* [Work item]:
Quote the data exactly, first line to the line containing "So if I activate", with no pictures.

--- Exercise inputs Enclosed Below ---

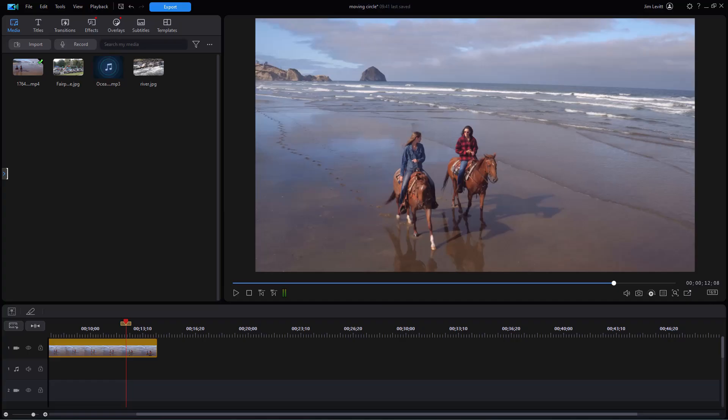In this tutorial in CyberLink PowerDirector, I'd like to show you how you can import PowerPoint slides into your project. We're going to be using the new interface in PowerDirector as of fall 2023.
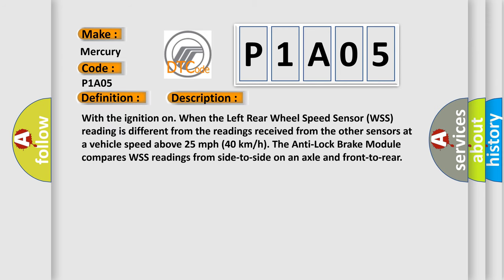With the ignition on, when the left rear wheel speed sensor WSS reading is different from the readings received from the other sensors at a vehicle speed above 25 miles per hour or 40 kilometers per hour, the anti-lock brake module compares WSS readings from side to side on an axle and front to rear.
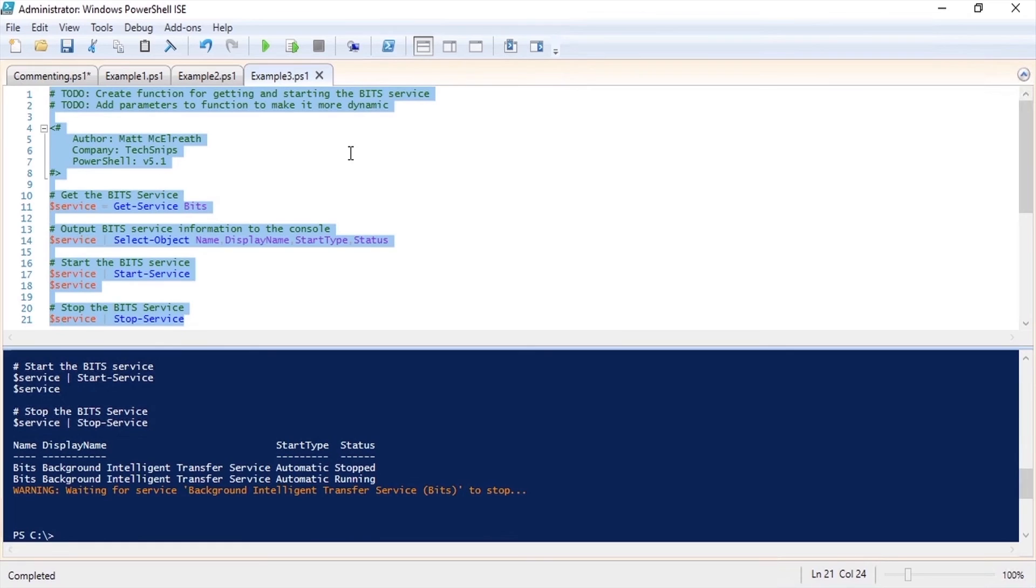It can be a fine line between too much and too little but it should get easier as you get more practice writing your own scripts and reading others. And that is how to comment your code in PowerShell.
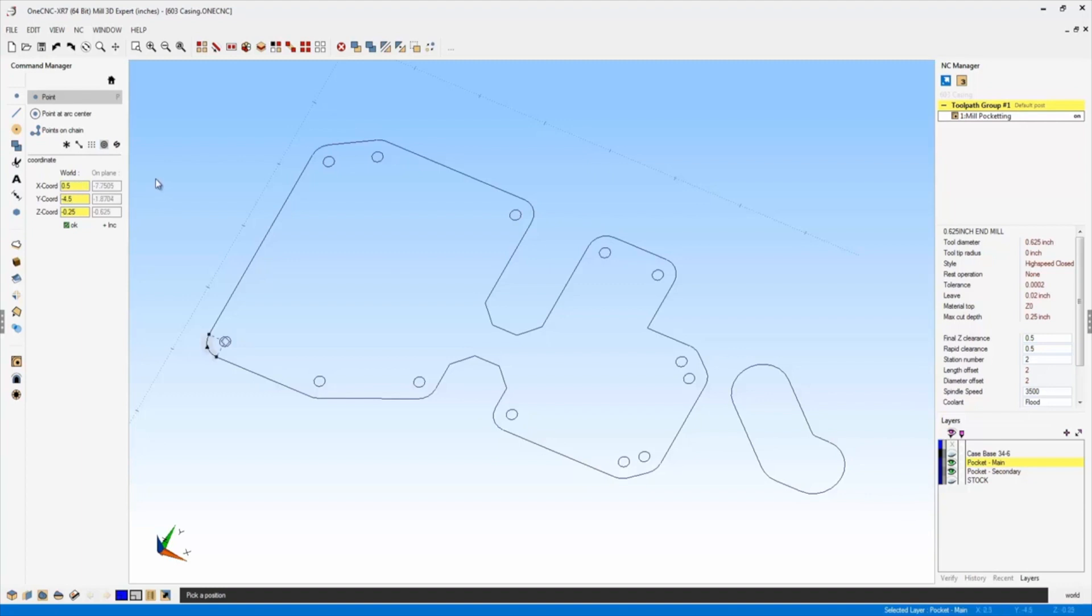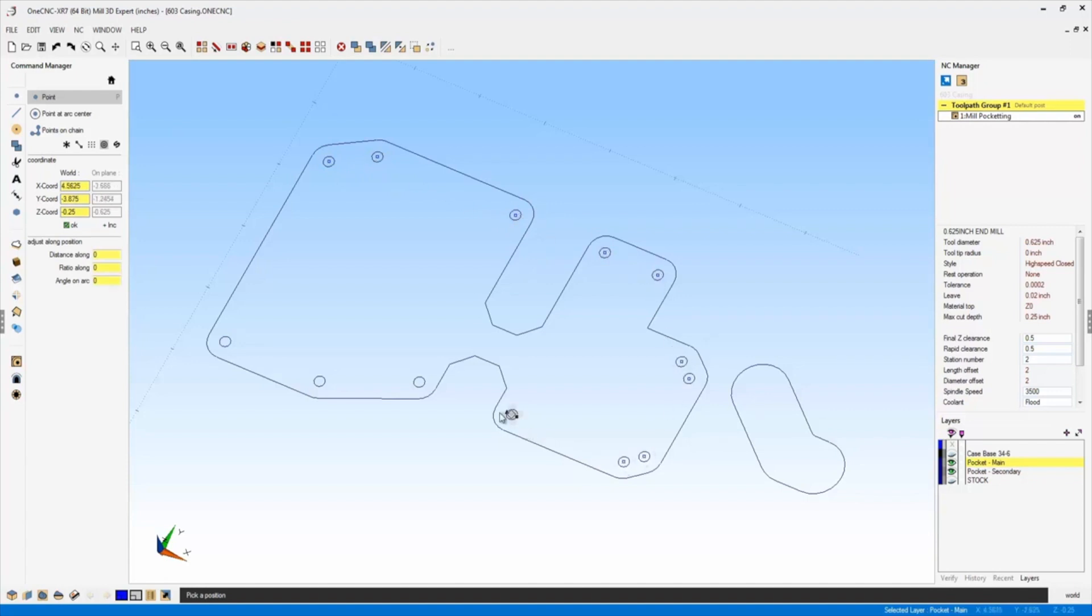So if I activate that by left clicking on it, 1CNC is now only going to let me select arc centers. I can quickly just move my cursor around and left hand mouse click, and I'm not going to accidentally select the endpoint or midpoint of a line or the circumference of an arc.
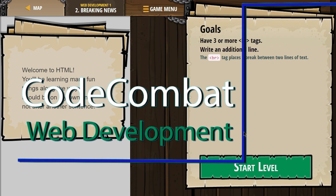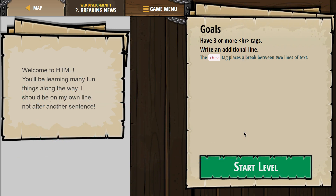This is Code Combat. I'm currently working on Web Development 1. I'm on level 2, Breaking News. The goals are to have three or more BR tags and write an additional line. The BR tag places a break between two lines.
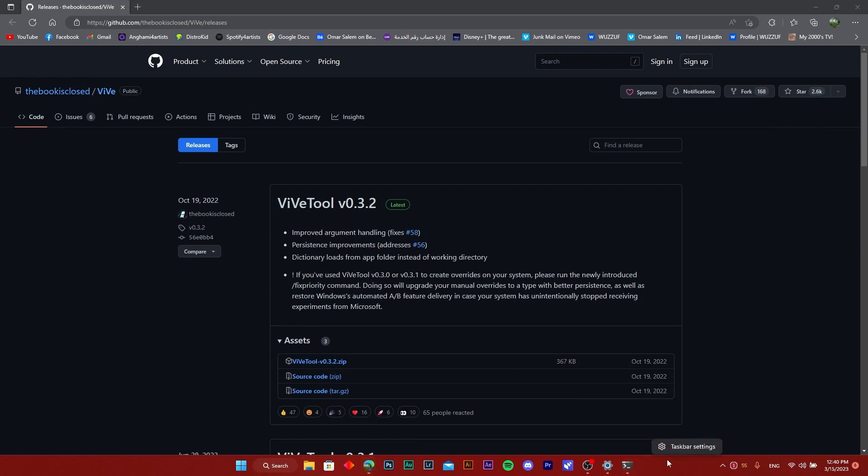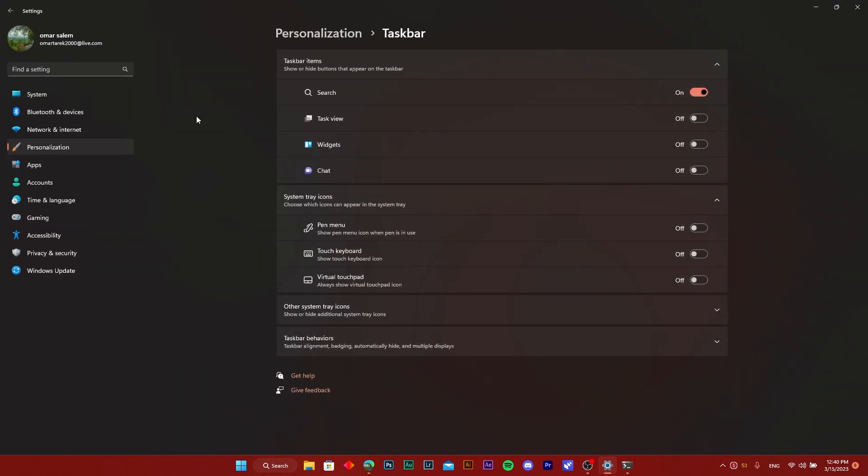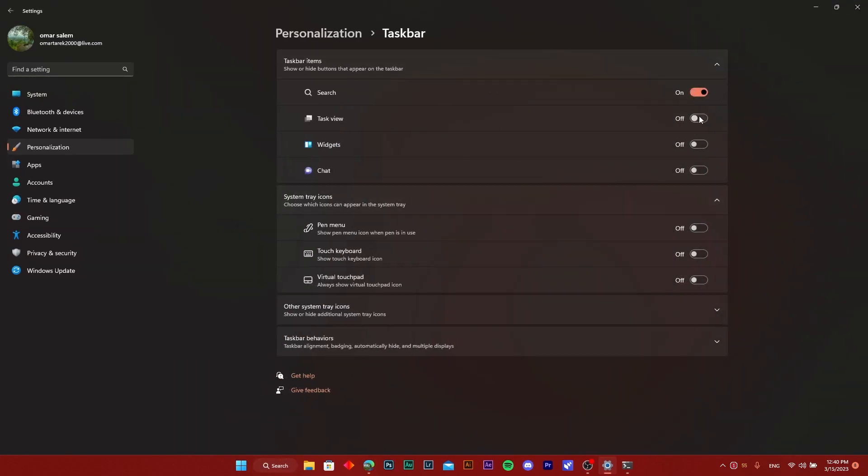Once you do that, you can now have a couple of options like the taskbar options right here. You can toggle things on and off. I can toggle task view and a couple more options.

--- End of Enclosed Exercise inputs ---

* [Output of the task]:
In this tutorial in CyberLink PowerDirector, I'd like to show you how you can import PowerPoint slides into your project. We're going to be using the new interface in PowerDirector as of fall 2023.
With the ignition on, when the left rear wheel speed sensor WSS reading is different from the readings received from the other sensors at a vehicle speed above 25 miles per hour or 40 kilometers per hour, the anti-lock brake module compares WSS readings from side to side on an axle and front to rear.
It can be a fine line between too much and too little but it should get easier as you get more practice writing your own scripts and reading others. And that is how to comment your code in PowerShell.
So if I activate that by left clicking on it, 1CNC is now only going to let me select arc centers. I can quickly just move my cursor around and left hand mouse click, and I'm not going to accidentally select the endpoint or midpoint of a line or the circumference of an arc.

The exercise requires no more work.